Cappadocia is mentioned by Herodotus in The Histories way back in the 5th century BC, and the Cappadocians also appear in the Acts of the Apostles as one of the groups that heard the gospel in their own language on the first Pentecost. The region has been the home of Hittites, a satrapy of the Persians, part of the Roman, Byzantine and Ottoman Empires.
We flew into Kayseri (in Roman times it was called Caesarea) and stayed in a village called Göreme. The village had such a laid-back and relaxed atmosphere that I instantly felt refreshed.

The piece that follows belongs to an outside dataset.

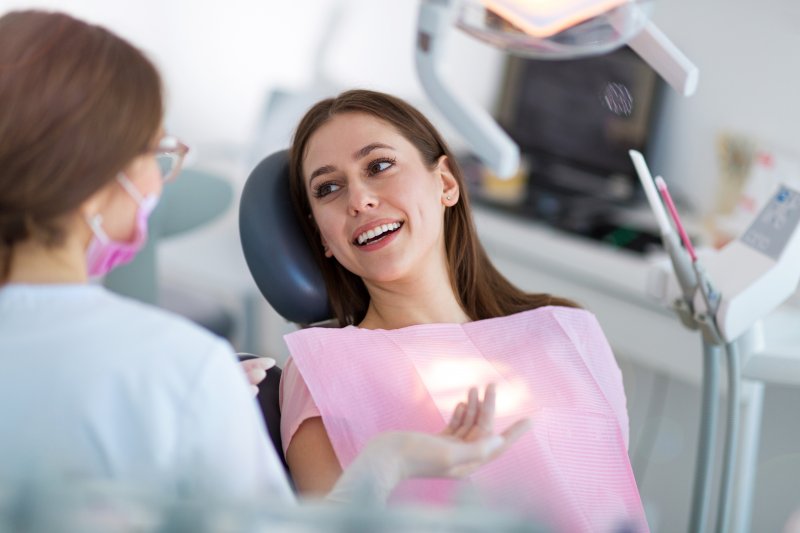 Dentist discussing the difference between veneers and bonding with a patient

Most of the first day was taken up by travel, and the sun sets so early these days, that we didn’t get to see too much, but we did to a bit of walking around the area nearest to Göreme and our pensiyon. The fresh air and brisk autumn temperatures felt so amazing. And it was just so quiet! Sometimes I forget what quiet is like, living in a place like Istanbul!
The geography of the area is absolutely amazing and unlike anything I’ve ever seen. There are beautiful and strange rock formations and unusual patterns of erosion that give Cappadocia its distinctive look. Millions of years ago, there were three huge volcanoes that continually spewed out ash over the whole region, gradually forming a soft sort of rock that is easily eroded by wind and water. The mix of other sedimentary rocks and this volcanic ash rock form the strange and surreal landscape of Cappadocia. One of the main features of the area are the so-called ‘fairy chimneys’. They are rocks that have gradually been worn away so that only these towers remain, with the softer white volcanic ash rock making up most of the ‘chimney’ and other harder rock layers on the top.
While we walked around exploring the fairy chimneys on our first evening in Göreme I was also very impressed by the silence and the stillness. The evening was absolutely beautiful and it was so quiet I almost felt like I had cotton stuffed in my ears, muffling all the sound. There wasn’t even any wind. And looking at the beautiful gold-leafed trees sheltered by the hills and fairy chimneys you could see that they must be completely protected by the wind due to the fact that all their leaves fell straight down and stayed exactly where they originally fell, creating a kind of yellow halo on the ground surrounding each tree. As the daylight faded, the mix of blue and lavender in the evening sky, the white and grey of the rocks rocks and bright yellow of the leaves created a really amazing effect. It was certainly a great start to the holiday.